THE PROBLEM —
Copy every entry exactly as it stands, though any image it holds should stay out of the copy.

[Scraped caption text data]

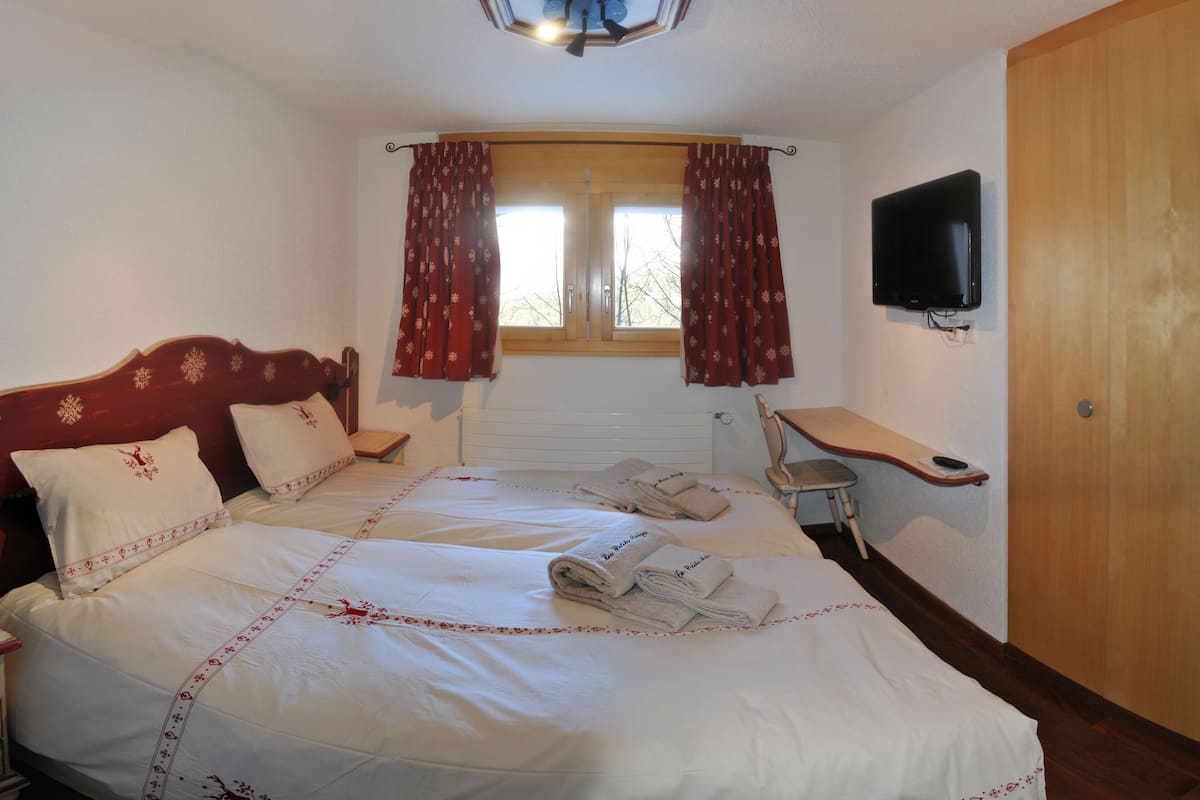 A hotel room with a large bed, a wooden headboard, a desk with a chair, a television, and a window with curtains.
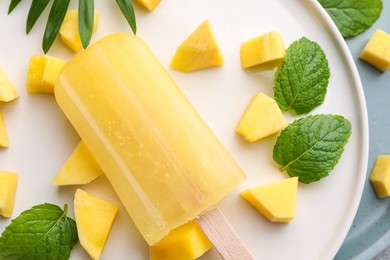 Tasty mango ice pop on white plate, closeup. Fruit popsicle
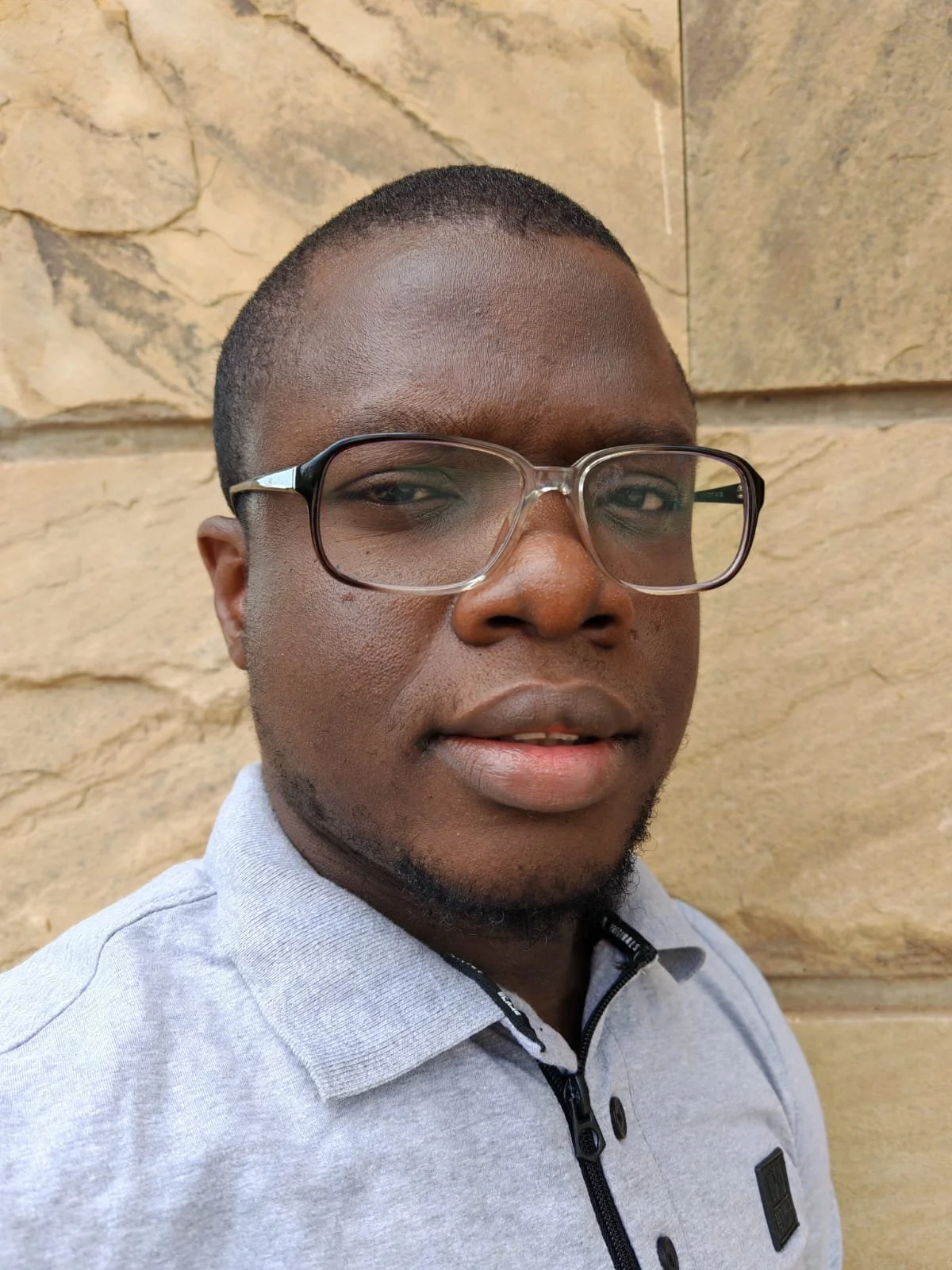 A young man with glasses and a short haircut taking a selfie against a stone wall background.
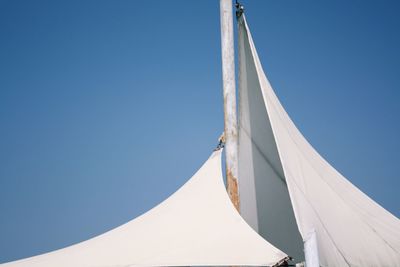 Low angle view of built structure against blue sky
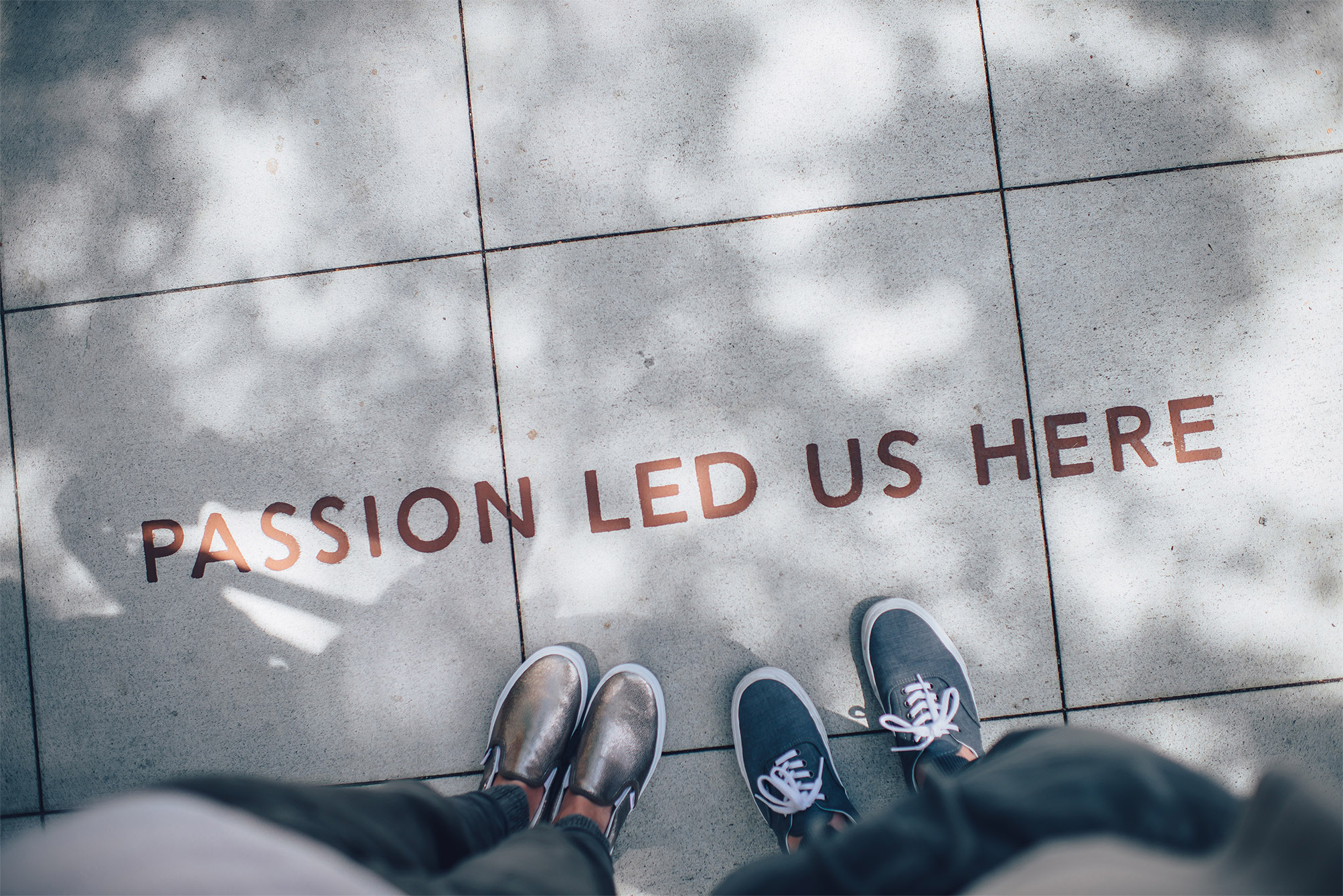 Aerial view of a sidewalk with the words passion led us here painted on the sidewalk. Two people's shoes and legs are in the shot as if they're the ones that took the photo.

ANSWER SECTION —
 A hotel room with a large bed, a wooden headboard, a desk with a chair, a television, and a window with curtains.
 Tasty mango ice pop on white plate, closeup. Fruit popsicle
 A young man with glasses and a short haircut taking a selfie against a stone wall background.
 Low angle view of built structure against blue sky
 Aerial view of a sidewalk with the words passion led us here painted on the sidewalk. Two people's shoes and legs are in the shot as if they're the ones that took the photo.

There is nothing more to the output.